Currency pair – EUR / USD. Timeframe – H1. CCI periods – 55 and 34, RSI period – 26, levels – 30, 50, 70.
Conditions for opening a long position:
- CCI (55) crosses level 0 from bottom to top. It is considered the main signal.
- CCI (34) crosses level 0 from bottom to top. Additional signal.
- RSI crosses level 50 from bottom to top.
On the next candle, open a deal. We set stop loss at our discretion, for example, at a local minimum, retreating from it 5 points down. We close the deal when one of the CCI reaches level 200 or when the RSI reaches level 70.
The upper graph is CCI (55), the middle is CCI (34), and the lower is RSI. Ideally, all conditions for the 3 indicators should coincide simultaneously within the same candle. In this case, they are a little late relative to each other, the candle on which the entrance is made is indicated by an arrow. The lower horizontal red line is the stop loss, the upper is the approximate level of deal closure in accordance with the recommendations above.
With the exit conditions, there may be nuances that depend on the current volatility. You can experiment here; the most important thing is not to be greedy. It’s better to close the deal sooner than miss the moment when the trend changes direction.
Conditions for opening a short position:
- CCI (55) crosses level 0 from top to bottom. It is considered the main signal.
- CCI (34) crosses level 0 from top to bottom. Additional signal.
- RSI crosses level 50 from top to bottom.
The entrance to the market is similar. We exit when reaching the CCI level of -200 or the RSI crosses the 30th level.

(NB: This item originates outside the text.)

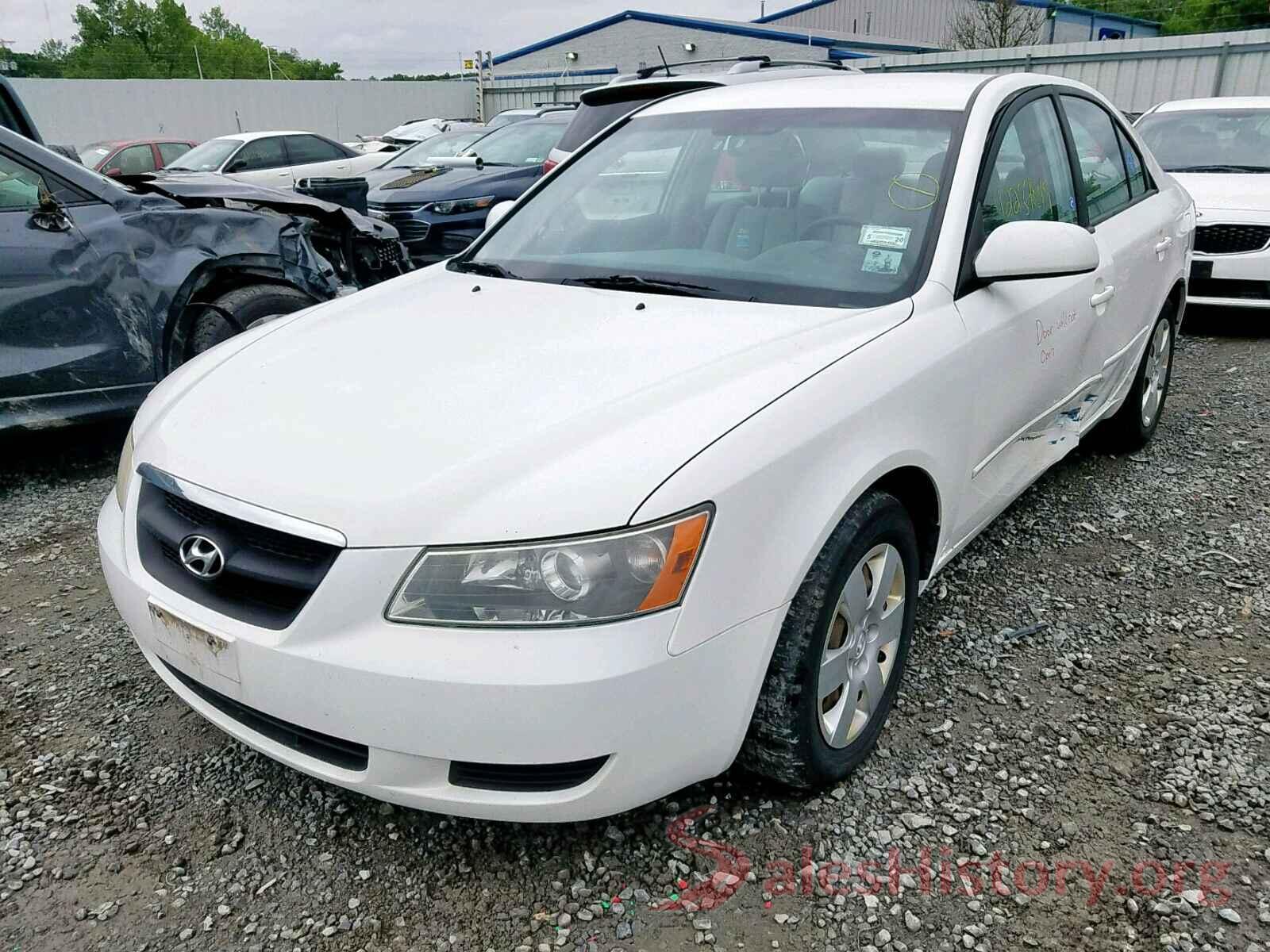 5NPET46C98H403186 2008 HYUNDAI SONATA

It is also seen here that the simultaneous coincidence of all conditions did not occur, but a discrepancy in one candle is permissible. A deal could have been opened earlier on a candle, but in accordance with the terms of the strategy, minimizing risks, it would be worth waiting for the candle, which is marked by an arrow. A stop order (upper red horizontal line) is placed on a strong resistance level. The strategy allows you to take a relatively small profit, but the signals are relatively frequent. The difficulty is to visually see the simultaneous intersection of level indicators. There can be no discrepancies with entering the market, while difficulties may arise with the moment the transaction is closed. If none of the proposed conditions is fulfilled for a long time, it makes sense or not to wait, closing the deal ahead of schedule, or evaluate the market using other methods.